ASU-CodeDevils / scraper.codedevils.org

A system for scraping job postings from various websites and serving the collected data through an API.
https://codedevils.org
MIT License
0 stars 1 forks source link

CD Job Scraper

Project Description

The Job Scraper Project is designed to create a comprehensive system for scraping job postings from various websites and serving the collected data through an API built with SpringBoot.
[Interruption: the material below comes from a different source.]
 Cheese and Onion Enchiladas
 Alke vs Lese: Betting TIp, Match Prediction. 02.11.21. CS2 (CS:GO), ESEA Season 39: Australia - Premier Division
The project involves multiple contributors who will each be responsible for implementing a script to scrape different job posting websites.

How It Works

  1. Adding Websites :

    • Users can suggest new job posting websites to be added to the scraping pipeline.
    • These suggestions are reviewed and added to the list of target websites.
  2. Contributor Workflow :

    • Each contributor is assigned a website from the list.
    • They inspect the website to understand its structure and identify the necessary elements for scraping.
    • They then implement the scraping logic using appropriate tools and libraries.
  3. Scraping and Data Storage :

    • The scraping service runs at scheduled intervals to collect job postings from the target websites.
    • The collected data is stored in a database for easy access and management.
  4. API Access :

    • The stored job posting data is made available through a RESTful API built with Spring Boot.
    • Users can query the API to retrieve job postings based on various criteria.

Getting Started

To get started with the CD Job Scraper Project, follow these steps:

  1. Clone the Repository :

    git clone https://github.com/ASU-CodeDevils/scraper.codedevils.org.git
    # Or if you have ssh set up
    git clone git@github.com:ASU-CodeDevils/scraper.codedevils.org.git
    
    # Navigate to the cloned directory
    cd scraper.codedevils.org
  2. Set Up the Environment :

    • Make sure you have Docker Desktop installed and running.
    • Ensure you have Java (Version 21) and Gradle (Version 8.5) installed.
      • For UNIX systems (i.e. macOS, Linux, or Windows WSL), use SDKMAN to install the correct version of Java and Gradle.
      • Not recommended: For Windows systems, install Java 21 and Gradle 8.5 manually.
    • Set up your local environment variables: create a file called .env in the root directory and add the following lines:

      MYSQL_ROOT_PASSWORD=<create your own password>
      MYSQL_DATABASE=<name your database>
      MYSQL_USER=<create your own username>
      MYSQL_PASSWORD=<create a differnent password than ROOT_PASSWORD>
      MYSQL_URL=jdbc:mysql://localhost:3306/<MYSQL_DATABASE>
  3. Run the Application :

    Using command line:

    ./gradlew bootRun

    If you use IntelliJ, use the Run menu to run the application. If you are using Visual Studio Code, install the extensions Gradle for Java and Spring Boot Extension Pack.

  4. Contribute :

    • Check the issues or the GitHub projects for available tasks.
    • Find a task that interests you and assign yourself to it. (You should only have one task assigned to you at a time.)
    • Update the Status column to In Progress.
    • Fill in the Start Date column with the date you assigned yourself to the task. (Note: You will have 1-week time to finish the task before it is up for grabs for anyone else.)
    • Follow the guidelines to implement the scraping logic and submit your code via a pull request.

License

This project is licensed under the MIT License. See the LICENSE file for details.